Elizabeth Banks, a sarcastic delight who was perfecting the art of on-screen saltiness years before that phrase was even invented, has a new project.

It was announced last year that the 43-year-old actor, director and producer would be directing a reboot of Charlie’s Angels, a film based on a TV series that also spawned another TV series. That has now been confirmed, with Banks’ remake being given an official release date of 7 June, 2019.

Casting details for the film are yet to be announced, but Variety reports that Banks will also serve as producer via her own company, Brownstone Productions. Her husband Max Handelman will act as co-producer.



It’s safe to say that Banks, who as an actor has stolen the show in everything from The Hunger Games to Modern Family, will also make a safe pair of hands behind the camera. She set a world record in 2015 when her directorial debut, Pitch Perfect 2, took £53 million ($69m) at the box office on its opening weekend – the highest ever figure for a first-time director.

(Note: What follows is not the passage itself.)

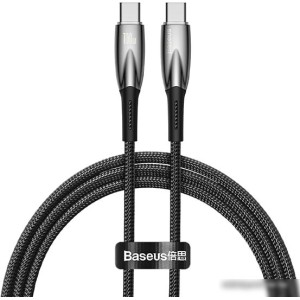Кабель Baseus Glimmer Series Fast Charging Data Cable USB Type-C - Type-C 100W CADH000801 (2 м, черный)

She was also a producer on the original Pitch Perfect film, and is currently producing a ‘threequel’.

In signing on to the new Charlie’s Angels film, Banks is taking charge of a woman-led action franchise rife with potential pitfalls. While there remains a great deal of affection for the Charlie’s Angels story, which follows three female private detectives living it up in LA, earlier films and TV series have also been poorly received by critics, and criticised for their one-dimensional depiction of women. It seems likely that Banks, with her no-nonsense attitude, killer comedic instincts and strong feminist sensibilities, won’t let that happen on her watch.



The original Charlie’s Angels TV series, which ran from 1976 to 1981 and made a star out of Farrah Fawcett and her flicky hair, was criticised by feminist activists at the time for being little more than “jiggle TV” – meaning that it often appeared to emphasise the sex appeal of its three female leads over plot or character development. Despite this, or more likely because of it, the show was a roaring success with viewers.

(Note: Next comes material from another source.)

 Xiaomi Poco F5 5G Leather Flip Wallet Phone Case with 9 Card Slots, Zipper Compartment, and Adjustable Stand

“When the show was number three, I figured it was our acting,” Fawcett is quoted as saying at the peak of Charlie’s Angels mania. “When it got to be number one, I decided it could only be because none of us wears a bra.”

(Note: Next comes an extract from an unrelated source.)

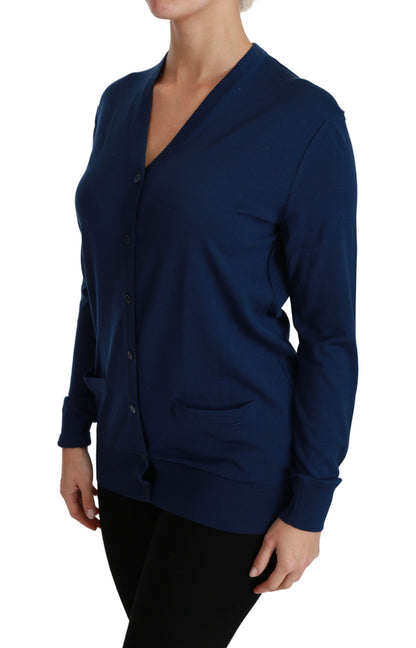 Dolce &amp; Gabbana Élégant cardigan en laine vierge bleue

The first Charlie’s Angels film was released in 2000, starring Cameron Diaz, Lucy Liu and Drew Barrymore. (A sequel, Charlie’s Angels: Full Throttle, hit cinemas in 2003.) While many people enjoyed the goofy script and deliberately over-the-top fight scenes, the characters played by the three female stars were little more than outdated stereotypes: “the bookworm”, “the tough girl”, “the class act”. As with the TV show, these films were phenomenally successful, but didn’t receive a unanimously warm critical reception.

2011 also saw the launch of a second Charlie’s Angels TV series, but given that no one appears to have noticed its existence and it was cancelled after just one season, we’ll move swiftly on.

So: will the fourth iteration of Charlie’s Angels manage to be both a box office hit, and an intelligent film where women are depicted as more than 2D sex objects? We’ll have to wait and see – but if anyone can deliver, it’s Elizabeth Banks.